The hand of the Lord was upon me, and carried me out in the Spirit of the Lord, and set me down in the midst of the valley which was full of bones.
1. The root of all good works is the hope of the Resurrection; for the expectation of the recompense nerves the soul to good works. For every labourer is ready to endure the toils, if he sees their reward in prospect; but when men weary themselves for nought, their heart soon sinks as well as their body. A soldier who expects a prize is ready for war, but no one is forward to die for a king who is indifferent about those who serve under him, and bestows no honours on their toils. In like manner every soul believing in a Resurrection is naturally careful of itself; but, disbelieving it, abandons itself to perdition. He who believes that his body shall remain to rise again, is careful of his robe, and defiles it not with fornication; but he who disbelieves the Resurrection, gives himself to fornication, and misuses his own body, as though it were not his own. Faith therefore in the Resurrection of the dead, is a great commandment and doctrine of the Holy Catholic Church; great and most necessary, though gainsaid by many, yet surely warranted by the truth. Greeks contradict it , Samaritans disbelieve it, heretics mutilate it; the contradiction is manifold, but the truth is uniform.
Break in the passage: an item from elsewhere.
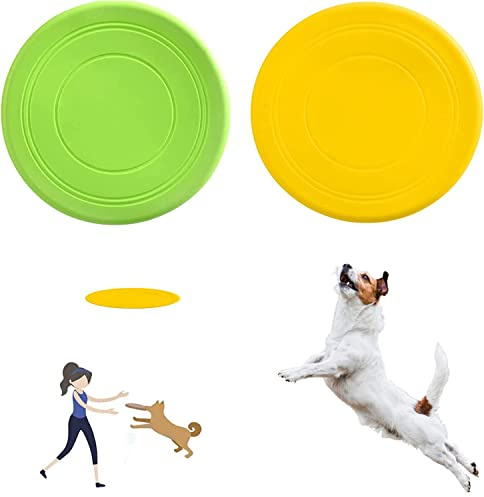 JEOPKO 2Pcs Indestructible Dog Frisbee, Self Moving Dog Ball Toy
2. Now Greeks and Samaritans together argue against us thus. The dead man has fallen, and mouldered away, and is all turned into worms; and the worms have died also; such is the decay and destruction which has overtaken the body; how then is it to be raised? The shipwrecked have been devoured by fishes, which are themselves devoured. Of them who fight with wild beasts the very bones are ground to powder, and consumed by bears and lions. Vultures and ravens feed on the flesh of the unburied dead, and then fly away over all the world; whence then is the body to be collected? For of the fowls who have devoured it some may chance to die in India, some in Persia, some in the land of the Goths. Other men again are consumed by fire, and their very ashes scattered by rain or wind; whence is the body to be brought together again ?
3. To you, poor little feeble man, India is far from the land of the Goths, and Spain from Persia; but to God, who holds the whole earth in the hollow of His hand Isaiah 40:12, all things are near at hand. Impute not then weakness to God, from a comparison of your feebleness, but rather dwell on His power. Does then the sun, a small work of God, by one glance of his beams give warmth to the whole world; does the atmosphere, which God has made, encompass all things in the world; and is God, who is the Creator both of the sun, and of the atmosphere, far off from the world? Imagine a mixture of seeds of different plants (for as you are weak concerning the faith, the examples which I allege are weak also), and that these different seeds are contained in your single hand; is it then to you, who art a man, a difficult or an easy matter to separate what is in your hand, and to collect each seed according to its nature, and restore it to its own kind? Can you then separate the things in your hand, and cannot God separate the things contained in His hand, and restore them to their proper place? Consider what I say, whether it is not impious to deny it?
4. But further, attend, I pray, to the very principle of justice, and come to your own case. You have different sorts of servants: and some are good and some bad; you honour therefore the good, and smitest the bad. And if you are a judge, to the good you award praise, and to the transgressors, punishment. Is then justice observed by you a mortal man; and with God, the ever changeless King of all, is there no retributive justice ? Nay, to deny it is impious. For consider what I say. Many murderers have died in their beds unpunished; where then is the righteousness of God? Yea, ofttimes a murderer guilty of fifty murders is beheaded once; where then shall he suffer punishment for the forty and nine? Unless there is a judgment and a retribution after this world, you charge God with unrighteousness. Marvel not, however, because of the delay of the judgment; no combatant is crowned or disgraced, till the contest is over; and no president of the games ever crowns men while yet striving, but he waits till all the combatants are finished, that then deciding between them he may dispense the prizes and the chaplets. Even thus God also, so long as the strife in this world lasts, succours the just but partially, but afterwards He renders to them their rewards fully.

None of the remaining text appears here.